Writing Dockerfiles for Kerblam!

When you write dockerfiles for use with Kerblam! there are a few things you should keep in mind:

  • Kerblam! will automatically set the proper entrypoints for you;
  • The build context of the dockerfile will always be the place where the kerblam.toml file is.
  • Kerblam! will not ignore any file for you.
  • The behaviour of kerblam package is slightly different than kerblam run, in that the context of kerblam package is an isolated "restarted" project, as if kerblam data clean --yes was run on it, while the context of kerblam run is the current project, as-is.

This means a few things:

COPY directives are executed in the root of the repository

This is exactly what you want, usually. This makes it possible to copy the whole project over to the container by just using COPY . ..

The data directory is excluded from packages

If you have a COPY . . directive in the dockerfile, it will behave differently when you kerblam run versus when you kerblam package.

When you run kerblam package, Kerblam! will create a temporary build context with no input data. This is what you want: Kerblam! needs to separately package your (precious) input data on the side, and copy in the container only code and other execution-specific files.

In a run, the current local project directory is used as-is as a build context. This means that the data directory will be copied over. At the same time, Kerblam! will also mount the same directory to the running container, so the copied files will be "overwritten" by the live mountpoint while to container is running.

This generally means that copying the whole data directory is useless in a run, and that it cannot be done during packaging.

Therefore, a best practice is to ignore the contents of the data folders in the .dockerignore file.

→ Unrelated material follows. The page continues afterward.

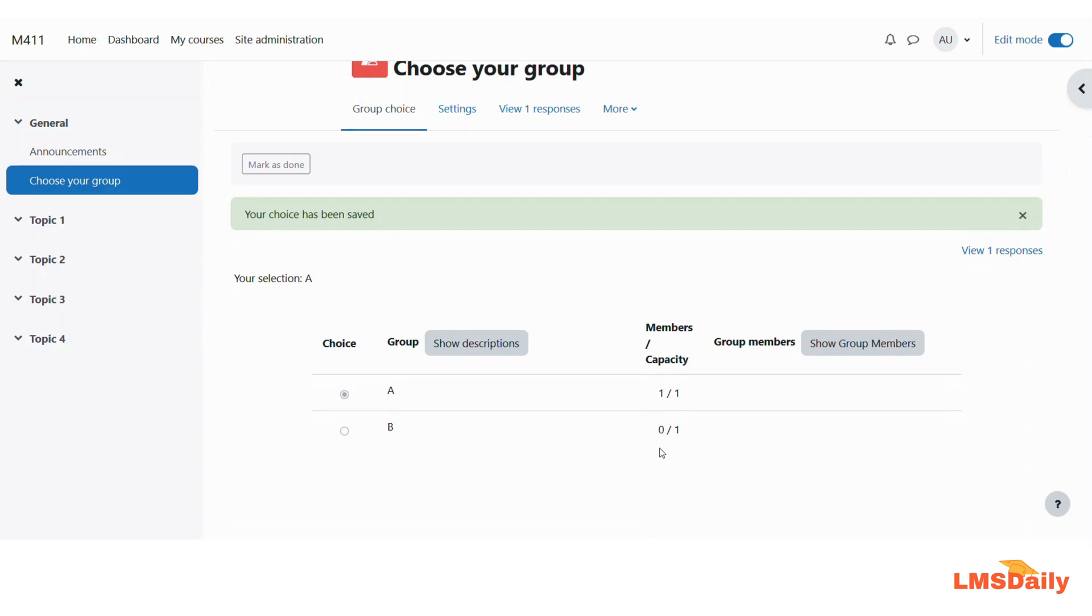So this is how you can use this Group Choice plugin in your Moodle course. Thank you very much for watching this video. Please don't click the subscribe button and press the bell icon to subscribe to our YouTube channel and get all the latest videos in your inbox instantaneously. Thank you very much for watching this video.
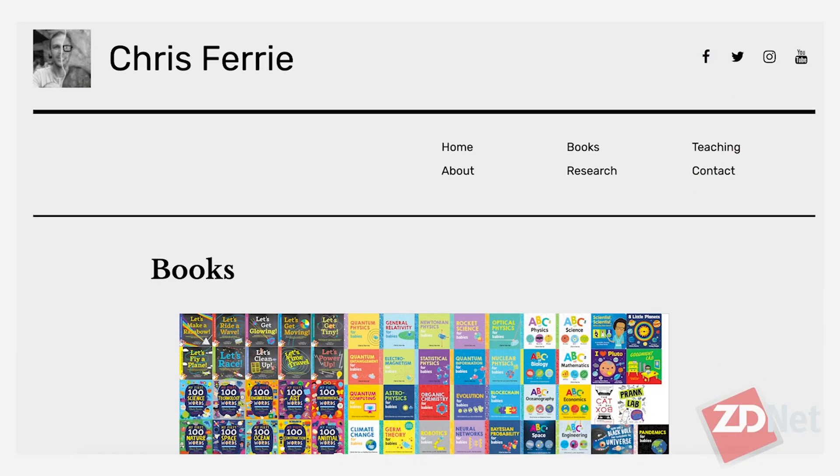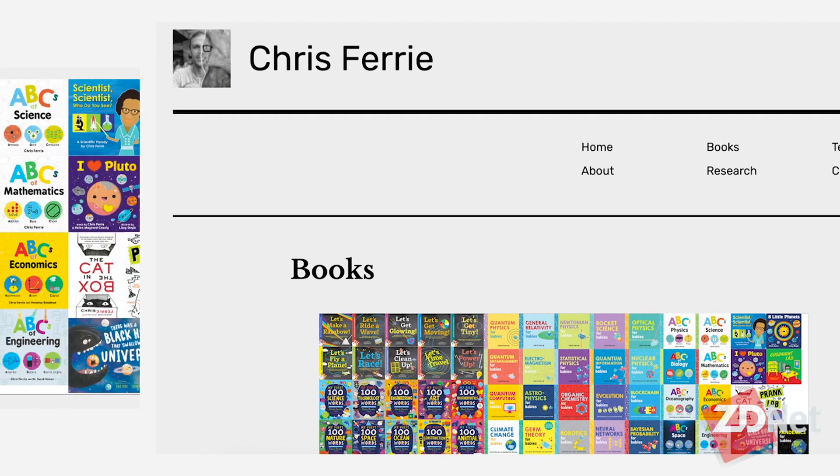Dr. Chris Ferry, associate professor at the Center for Quantum Software and Information at the University of Technology, Sydney, and author of one of the most engaging and extensive collections of STEM books for young children. Thanks again for your time, Chris. If somebody wants to connect with you personally or find out about your STEM books, how can they do that? You can start with my website, csferrie.com, and connect with me there and find out where and how to get the books. Find more of my interviews right here on YouTube, iTunes and Spotify, or at TanyaHall.net.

This makes no difference while packaging containers but a big difference when running them, as docker skips copying the useless data files.

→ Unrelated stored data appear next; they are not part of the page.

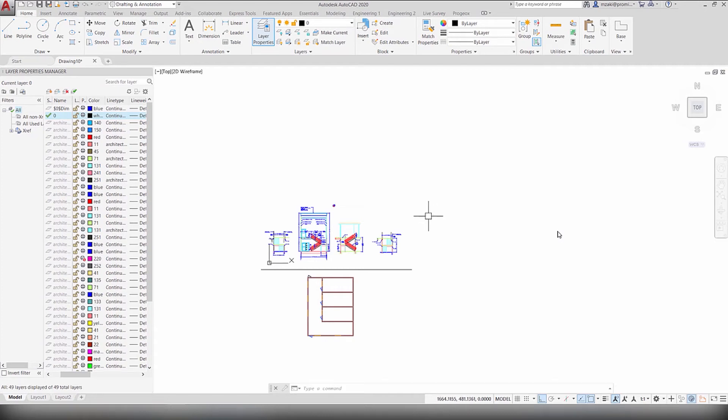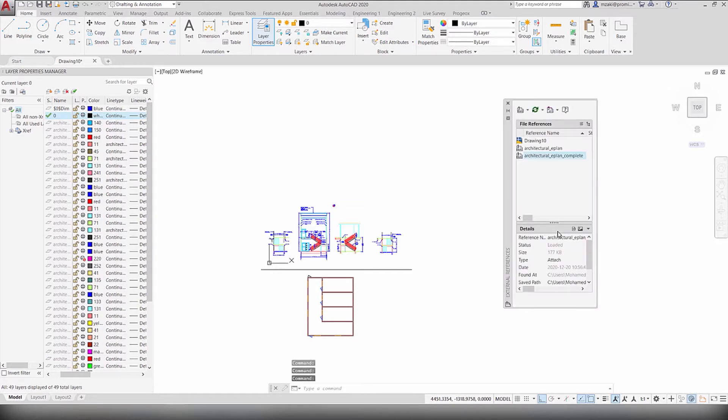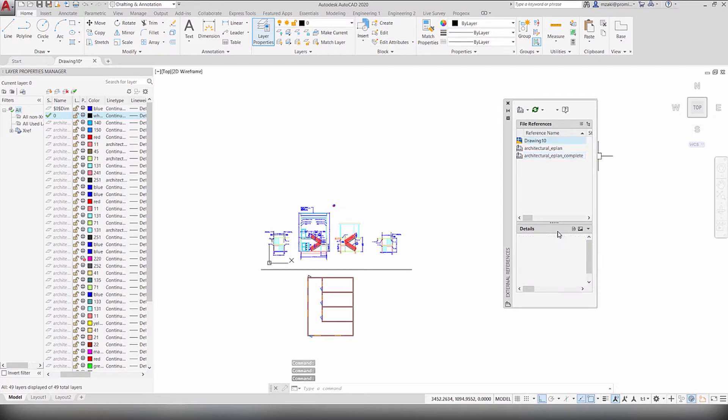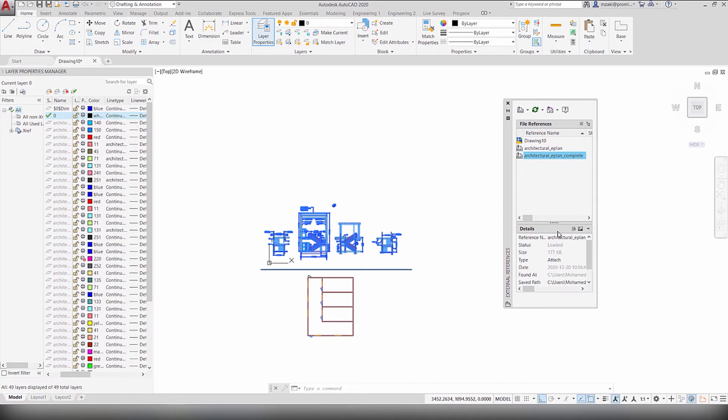Once you insert an external file in your drawing, you'll see this icon here, Manage XRefs. Double click on that, and you'll see a window with your current drawing as well as your external files. When you select any of these, you'll see them highlighted.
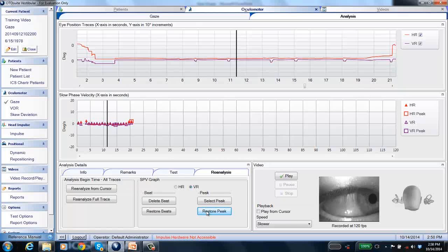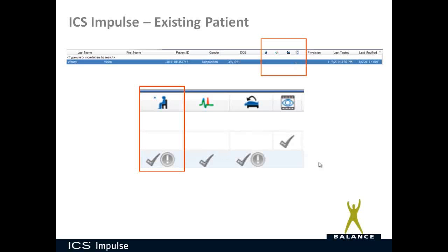When you have an existing patient in the system who has had a gaze test, spontaneous test, or any ocular motor test, there are four icons at the top of the patient file. The icon showing a man in a chair looking at a blue dot is the ocular motor icon. Any ocular motor test — gaze, spontaneous, VOR, skew deviation — will place a check mark next to that patient file if they have ocular motor data saved.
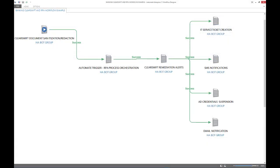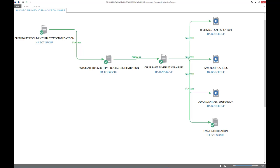After detecting a violation of policy, an RPA workflow can be triggered for remediation. In this example, a workflow process diagram showing how service tickets can be opened to alert IT, SMS and email notifications, as well as suspension of network credentials can be orchestrated using RPA technology.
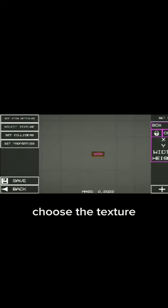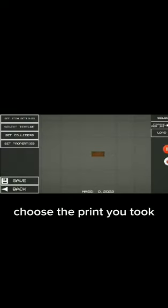Choose the texture. Choose the print you took. Press Save. It will take a while to save.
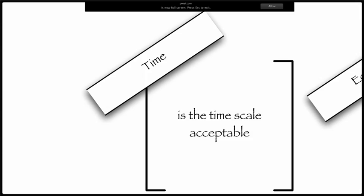The next one is time. Is the timescale acceptable? So the time it will take to solve the problem — is it acceptable? If it's only going to take us two or three weeks, that's probably going to be acceptable. However, if it would take two or three weeks to do something which we need done by the end of next week, then obviously that isn't going to be a suitable timescale. So we need to think about the timescale and whether it's acceptable for that situation.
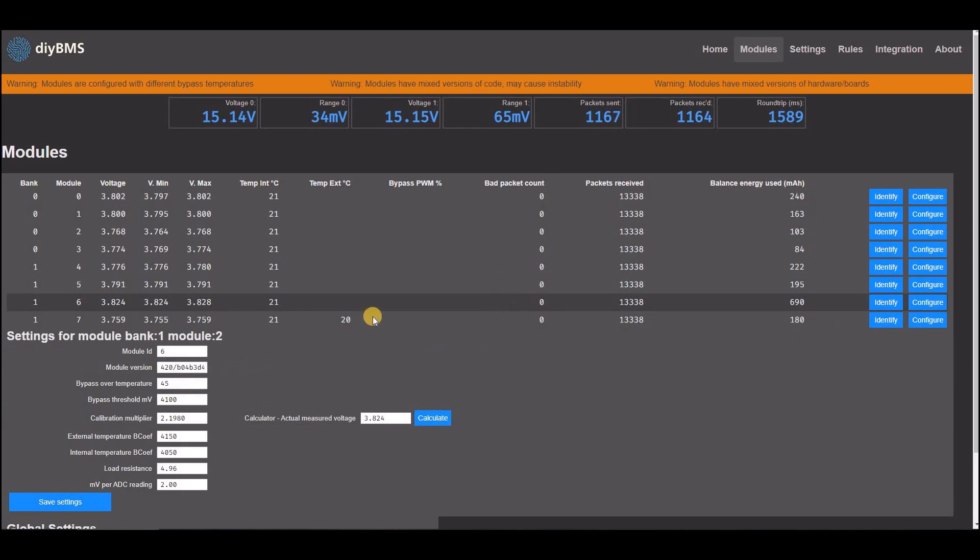You can see if the module and controllers are running the correct version of code, and a warning is shown if the versions don't match.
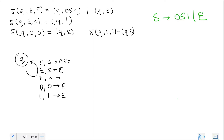Hi everyone. In this video, as I mentioned in the previous one, we'll take a string that is not part of this grammar and see whether this automaton actually rejects it. Let's take zero zero one zero — that string does not belong to the language. Let's start with our stack, which is initially in the s state.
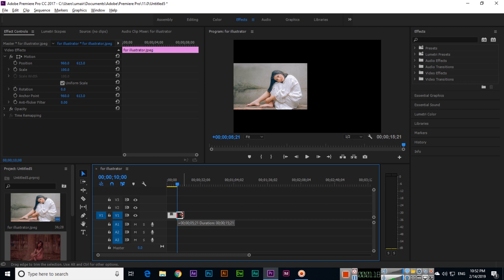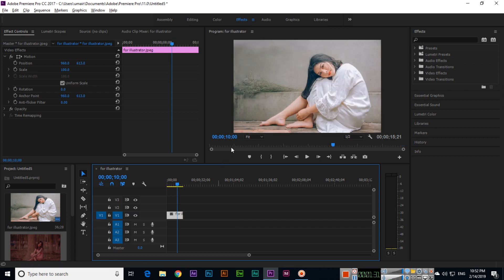Now we will add 5 seconds and 21 frames to this layer, so the total duration will be 15 seconds and 21 frames. It was 10 seconds before.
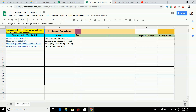Hello everyone. In this video I'm going to give you a demo on free YouTube rank checker. The purpose of this free YouTube rank checker is to monitor your videos on the YouTube search engine for a given keyword and it will give you the rank of your video for that particular keyword.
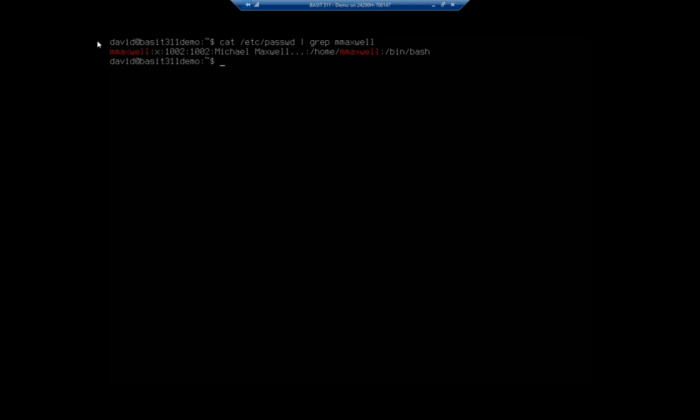The shadow file you have to be a root user to look at. We'll look at that in a few minutes. Your next column over you'll see 1002 - that's the user ID. We keep track of users by username. The system keeps track of users by user ID. The next time I create another user it will just increment to the next available user ID. Following that, the next 1002 is their primary group ID. We're going to talk about groups more in another video. But if you do not specify a primary group when you create a user, the operating system will create a group with the exact same name as the username and make that their primary group.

To do this in a standard Kerblam! project, simply add this to your .dockerignore:

# Ignore the intermediate/output directory
data

You might also want to add any files that you know are not useful in the docker environment, such as local python virtual environments.

Your dockerfiles can be very small

Since the configuration is handled by Kerblam!, the main reason to write dockerfiles is to install dependencies.

This makes your dockerfiles generally very small:

FROM ubuntu:latest

RUN apt-get update && apt-get install # a list of packages

COPY . .

You might also be interested in the article 'best practices while writing dockerfiles' by Docker.

Docker images are named based on the pipeline name

If you run kerblam run my_pipeline twice, the same container is built to run the pipeline twice, meaning that caching will make your execution quite fast if you place the COPY . . directive near the bottom of the dockerfile.

This way, you can essentially work exclusively in docker and never install anything locally.

Kerblam! will name the containers for the pipelines as <pipeline name>_kerblam_runtime.